**SUPPLIED DATA**
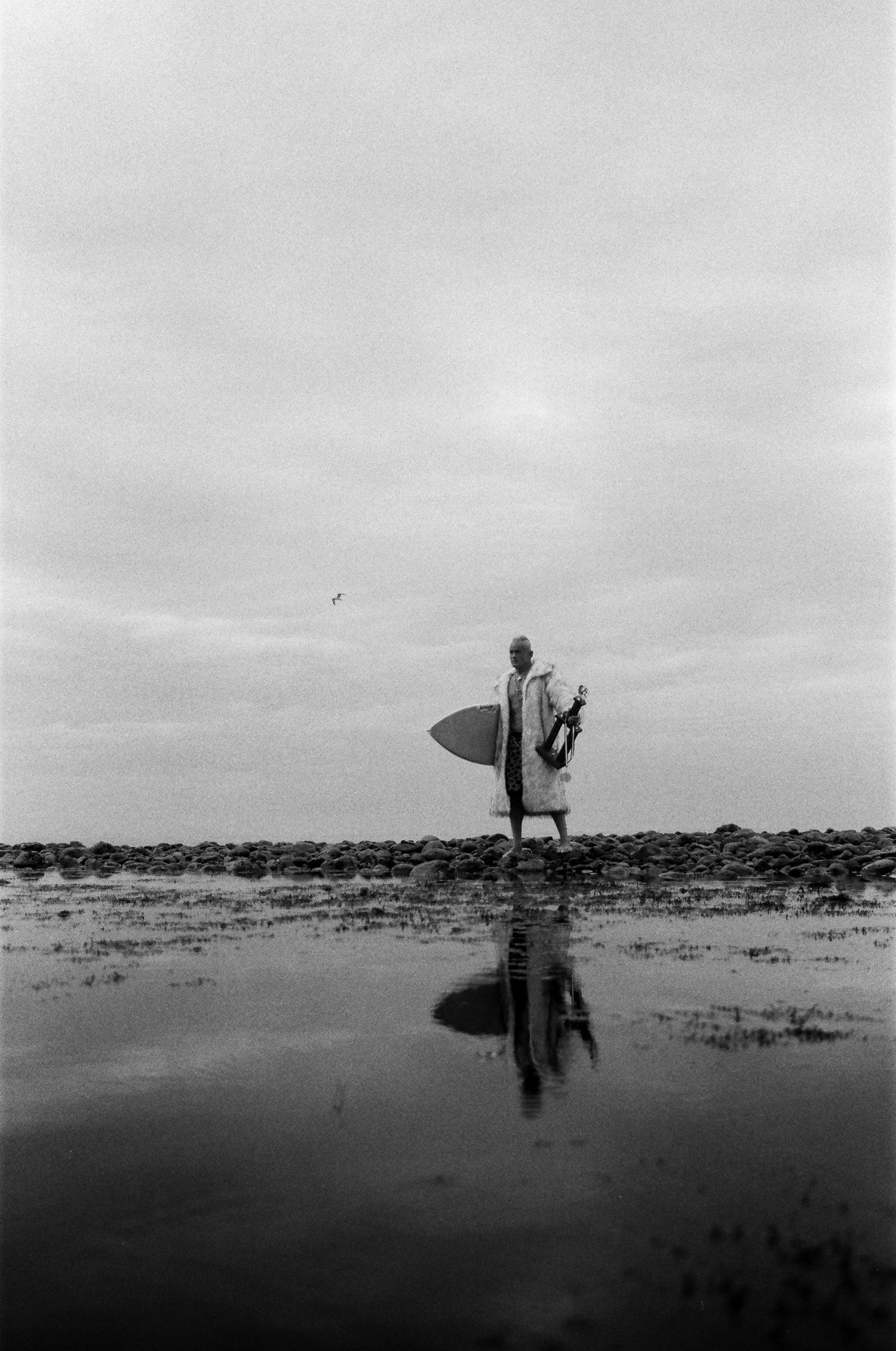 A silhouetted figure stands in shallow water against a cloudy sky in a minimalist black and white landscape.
...
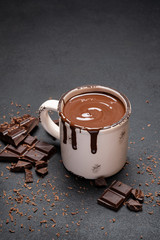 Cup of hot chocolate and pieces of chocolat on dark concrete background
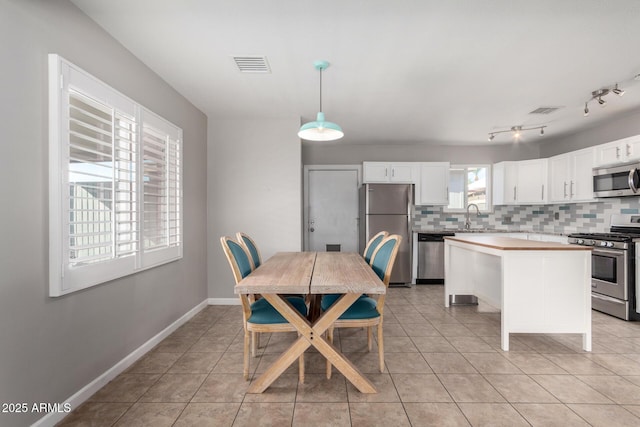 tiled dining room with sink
==
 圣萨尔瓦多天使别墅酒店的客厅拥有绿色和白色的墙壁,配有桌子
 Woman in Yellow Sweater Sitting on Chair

**TASK GOAL**
Above are the records; copy from them only the lines starting at the one containing "Cup of hot chocolate" and ending at the one containing "tiled dining room with sink", exactly and without pictures.

**ANSWER TO THIS TASK**
 Cup of hot chocolate and pieces of chocolat on dark concrete background
 tiled dining room with sink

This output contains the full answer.